Bunch believes that “despite the mistakes of privatization and misguided meritocracy that divided the nation, a renewed commitment to a true higher education can help heal us.

“That means universal schooling or training benefits for all young adults, funded as a public good and not as a high-stakes pass/fail test of self-worth, centering critical thinking and civic engagement over rote workforce development.”

Bunch argues for a “massive mobilization commitment to national service, which would signal a national do-over on what we mean by higher education, equal in impact to the cataclysmic changes wrought by World War II and its aftermath.”

The United States has always had the money for this, Bunch says, citing a U.S. Department of Education study showing that state spending for colleges and universities remained flat since 1990 while outlays for prisons doubled to the point that 18 states spent more money on incarceration than higher education.

Higher Education Is Worthwhile Investment But Needs to Change

Over the past 50 years, I have watched higher education endure many external and internal pressures and changes, evolving from a post-World War II public good with broadening access to a private good with limited access for many students and families.

Many social, demographic, economic, technological, and political changes have affected higher education, and there is no shortage of issues.

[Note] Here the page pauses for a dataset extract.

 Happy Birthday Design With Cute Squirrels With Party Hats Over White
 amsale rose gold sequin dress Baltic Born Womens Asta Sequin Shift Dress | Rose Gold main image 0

Today, for example, higher education wrestles with how to incorporate AI, how to balance free speech with campus security, and how to fix the financial aid application system.

Yet college has not worked for everyone, as Bunch explains. Barriers to college persist for many students and families, leading to increased public skepticism, which affects participation.

Gaps in access to and success for students and faculty in higher education continue based on race, ethnicity, and gender. Colleges grapple with declining enrollments and limited financial resources. Several colleges have closed.

College costs too much for many families. Borrowing, once seen as an investment to help students and families pay their share, grew out of control, leading to enormous debt, often affecting life decisions.

Besides cost, other issues affect current and prospective students, including mental health concerns, poor academic preparation, and food and housing insecurity.

Nevertheless, higher education contributes to the nation’s progress by its advanced research in many professional fields and its preparation of the current and future workforce. Thus, higher education remains a critical, worthwhile investment that merits continuing public and private support.

To maintain and increase its status as a public priority, however, higher education must recognize and adapt to the changing landscape, acknowledge its shortcomings, and implement reforms. Higher education must manage itself more effectively and efficiently, ensure accountability, and do a better job informing the public of its contributions to society.